Peg è colei che lo guiderà nel cambiamento, portandolo fuori dal suo oscuro e triste castello, catapultandolo nella realtà, fatta di casette colorate e abitudini indissolubili. Sarà la sua guida, il suo mentore, dandogli la forza necessaria per aprirsi al mondo. Ma non sarà certo lui a cambiare e adeguarsi. No, saranno le persone che lo conosceranno, andando oltre l’apparenza, che acquisteranno valore.
Solitudine e bisogno di amicizie.
Questa meravigliosa fiaba può sembrare truce e troppo drammatica, forse perché ormai non siamo più abituati agli originali delle fiabe che ci hanno accompagnato lungo la crescita, cariche di situazioni grottesche e orripilanti (come il taglio della lingua nella Sirenetta o dei talloni delle sorellastre di Cenerentola, senza dimenticare l’incesto in Pelle d’asino), scordate o tralasciate di proposito nelle successive rivisitazioni.
A parte le forbici, che sostituiscono le mani, Edward è una figura delicata, con quel viso pallido, graffiato, su cui regnano occhi dolci e intimiditi.
La drammaticità emerge dal desiderio innaturale di voler creare un essere artificiale (un po’ come in Pinocchio e come Frankenstein) per soddisfare il proprio desiderio di paternità, dissimulando la solitudine. Questa si trasforma in tragicità, quando la propria creatura diventa succube della sua stessa difformità. Ecco che il dolore del protagonista fuoriesce dalla situazione di razzismo legata al diverso, allo sconosciuto.

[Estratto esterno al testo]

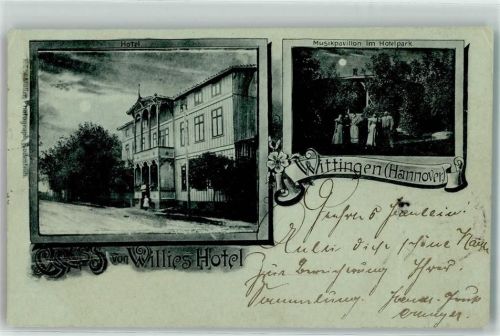 Wittingen Gruss von Willies Hotel Musikpavillon Hotelpark Bahnpost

Il senso del grottesco viene ampliamente soddisfatto dall’esasperazione del sobborgo cittadino, abitato dalle tipiche famiglie americane soggiogate da un sistema che li vuole impersonali e stereotipati, tutti sorrisi e buone maniere, con i colori delle case categoricamente in tinta pastello, in netto contrasto con il protagonista decisamente dark. Un po’ come nel film Pleasantville dove però è la noiosa perfezione a essere in bianco nero, a differenza della coloratissima realtà caotica e difettosa (ma decisamente divertente) del mondo di oggi.

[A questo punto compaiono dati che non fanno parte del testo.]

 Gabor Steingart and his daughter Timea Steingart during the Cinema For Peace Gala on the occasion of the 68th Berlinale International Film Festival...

L’aspetto estetico di Edward è stato creato ispirandosi al cantante dei The Cure, Robert Smith, a cui fu chiesto anche di scrivere la colonna sonora, che però non fu fattibile perché il cantante era impegnato con un altro progetto.
Sebbene il film fosse stato largamente pubblicizzato, non riscosse il successo di Batman (precedente film del regista). Però, sulla lunga distanza, acquistò credito, arrivando a ottenere un ottimo risultato con la vendita del VHS.
Alcuni considerano questo film, il migliore di Burton, forse per quanto abbia messo di sé in quest’opera. È certo che Edward mani di forbice, abbia concretizzato il legame di collaborazione fra il regista e Johnny Deep e il sodalizio con il compositore Danny Elfman.